The first place to look if your money gets funny

When most of us start out as artists, we generally don’t have a huge consistent flow of clients.  Hell, half of us either still live with our parents, have a day job, or both.  Generally cash flow issues happen here because you haven’t worked the system long enough.  If you keep on doing quality work you’ll get more business from repeat customers, referrals, networking, etc.

Once you’ve done art a while, if your money slows, you generally have a different problem.  It’s not what you need to do, it’s what you should stop doing.  Yes, I’ll say it again.  It’s not what you’re doing, it’s what you need to STOP doing.  

When I started drawing caricatures live, one of the ways I built my business was by volunteering my services to fundraisers.  I generally earned enough tips to cover supplies and I usually did get a paying gig from it but there was a downside.  People thought, if he drew at this show for free, surely he’d draw at the next show for free too.”  

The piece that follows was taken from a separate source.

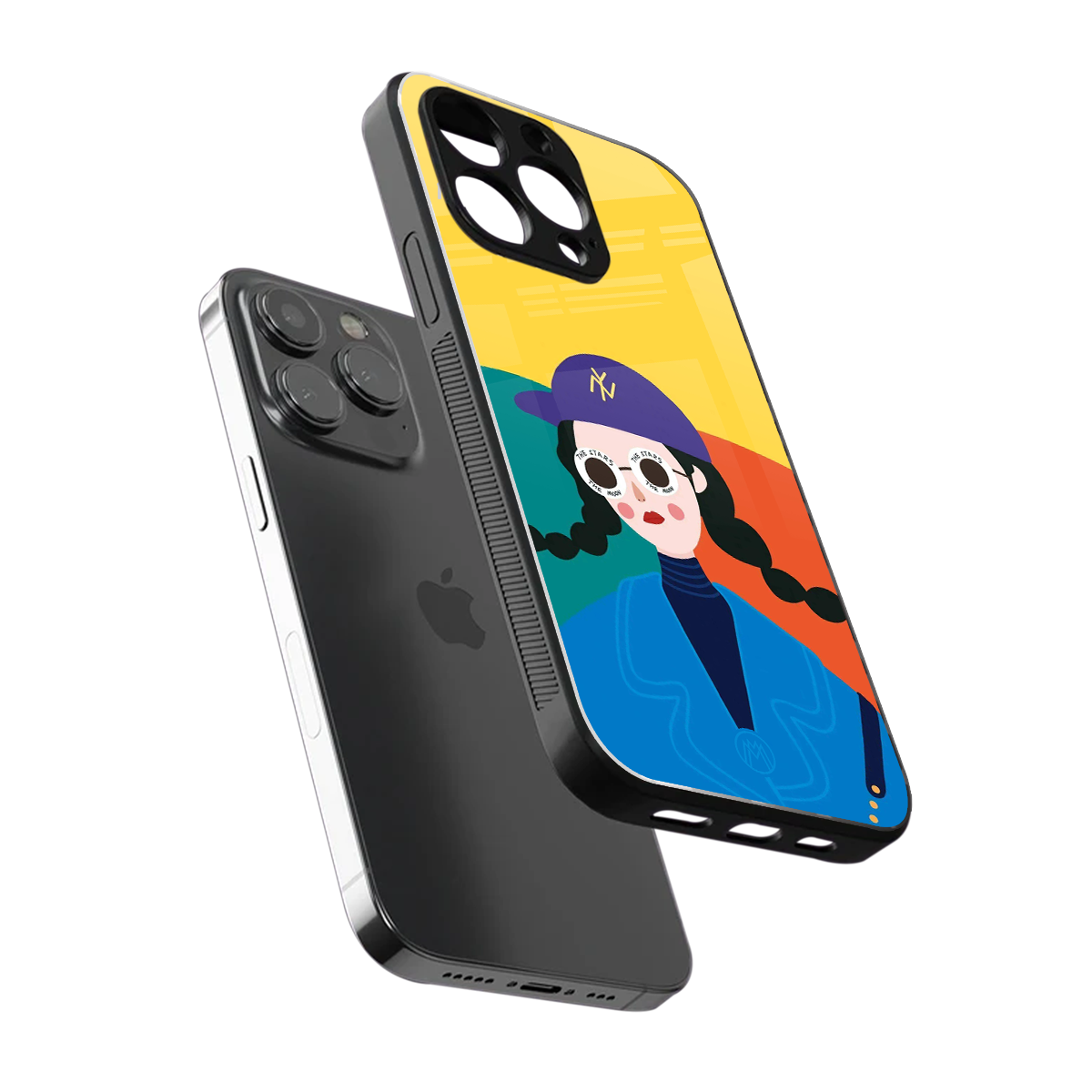 psychedelic chic back phone cover | glass case for iphone 16 pro max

I thought surely some of these people who I developed relationships with would pay me sooner or later, right?  Hell no.  Cheap is as cheap does.  Why pay for the cow when you can drink the milk for free.  I stopped doing jobs for “exposure” and to “get my name out there” and dealt with cash and trade only.  I still do one to two events a year but I generally charge a reduced rate and I typically only support causes I believe in or donate to anyway.

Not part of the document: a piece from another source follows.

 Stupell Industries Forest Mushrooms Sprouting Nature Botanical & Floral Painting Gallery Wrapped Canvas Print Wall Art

What should you stop doing?  Is it that work from family who think because of blood you’re supposed to give them discounts on everything?  Is it working for free?  Is it taking on work you don’t like because you need to pay some bills?

Whatever it is you need to stop, stop doing it.  Think about it this way, when you are spending time on jobs that suck, it’s preventing you from taking jobs that you love.  We draw and paint to do what we love, not the stuff we can’t stand.